Exercise objective: Below are several records. Retype exactly those lines running from the one with "Piscina & Wifi." through the one with "トマトは卵の練習を揚げます、トマトは卵を揚げますおいしい方法", end lines included, and no others.

Stored data:

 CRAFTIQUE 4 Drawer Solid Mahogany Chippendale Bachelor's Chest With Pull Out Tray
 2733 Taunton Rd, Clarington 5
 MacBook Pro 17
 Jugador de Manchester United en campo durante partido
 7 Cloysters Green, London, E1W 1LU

...

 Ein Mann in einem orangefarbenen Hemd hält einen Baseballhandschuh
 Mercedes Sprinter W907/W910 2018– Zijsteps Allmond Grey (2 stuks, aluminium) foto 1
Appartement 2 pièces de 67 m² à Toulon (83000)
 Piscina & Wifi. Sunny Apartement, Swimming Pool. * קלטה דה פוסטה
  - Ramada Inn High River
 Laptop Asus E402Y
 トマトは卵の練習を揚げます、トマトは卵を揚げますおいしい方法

* * *

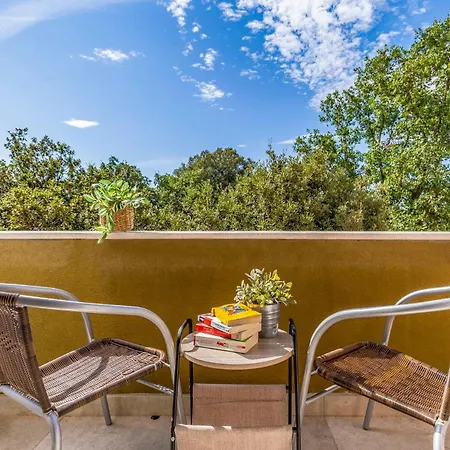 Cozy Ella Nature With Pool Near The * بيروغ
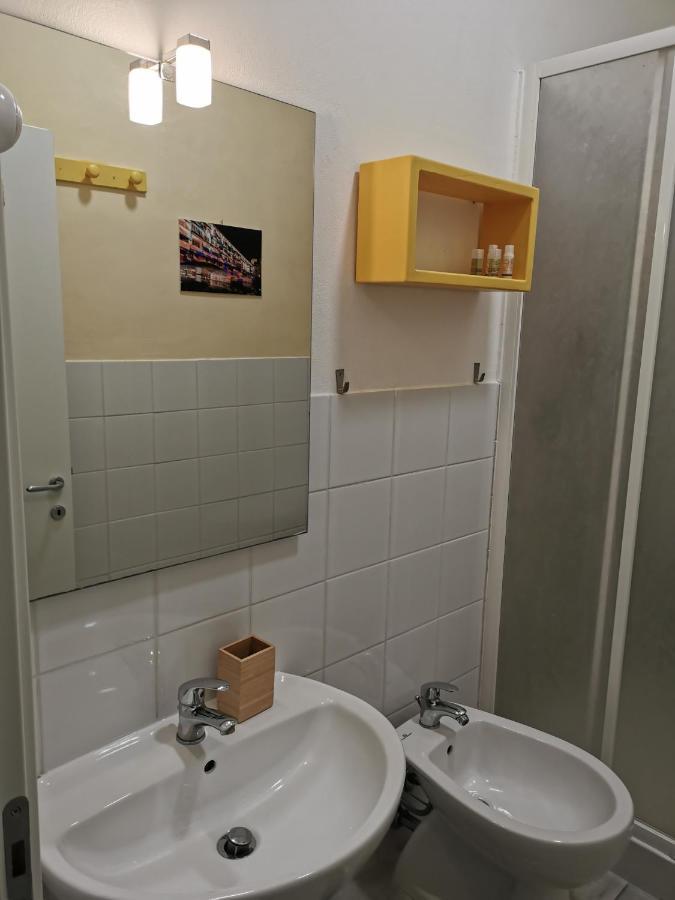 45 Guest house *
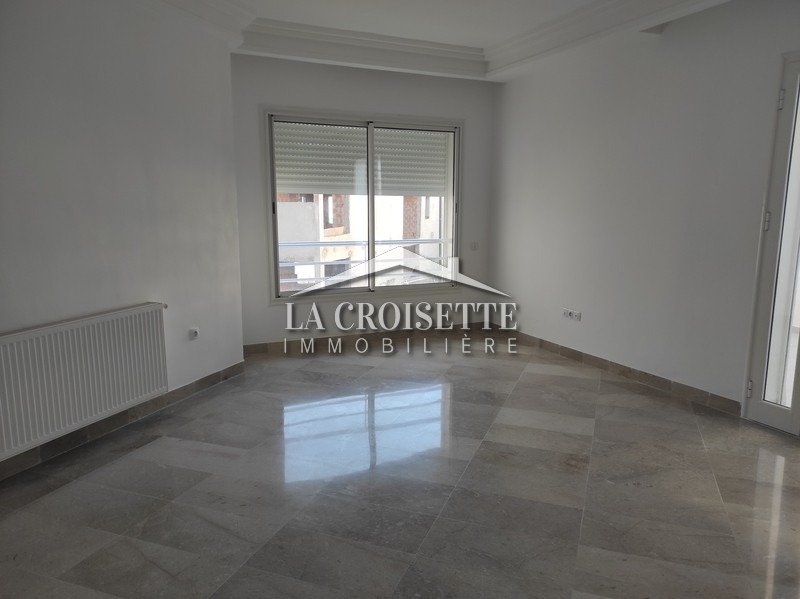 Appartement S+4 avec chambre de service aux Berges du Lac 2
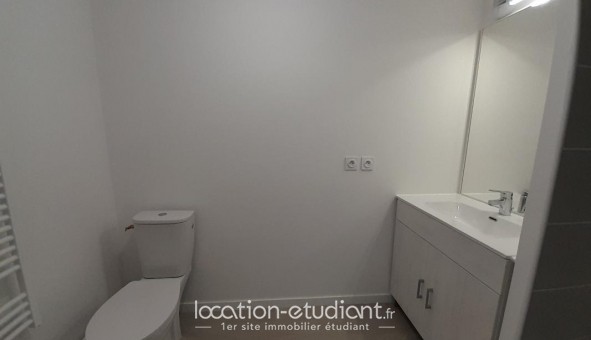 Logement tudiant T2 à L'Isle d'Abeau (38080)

The completed task:
 Piscina & Wifi. Sunny Apartement, Swimming Pool. * קלטה דה פוסטה
  - Ramada Inn High River
 Laptop Asus E402Y
 トマトは卵の練習を揚げます、トマトは卵を揚げますおいしい方法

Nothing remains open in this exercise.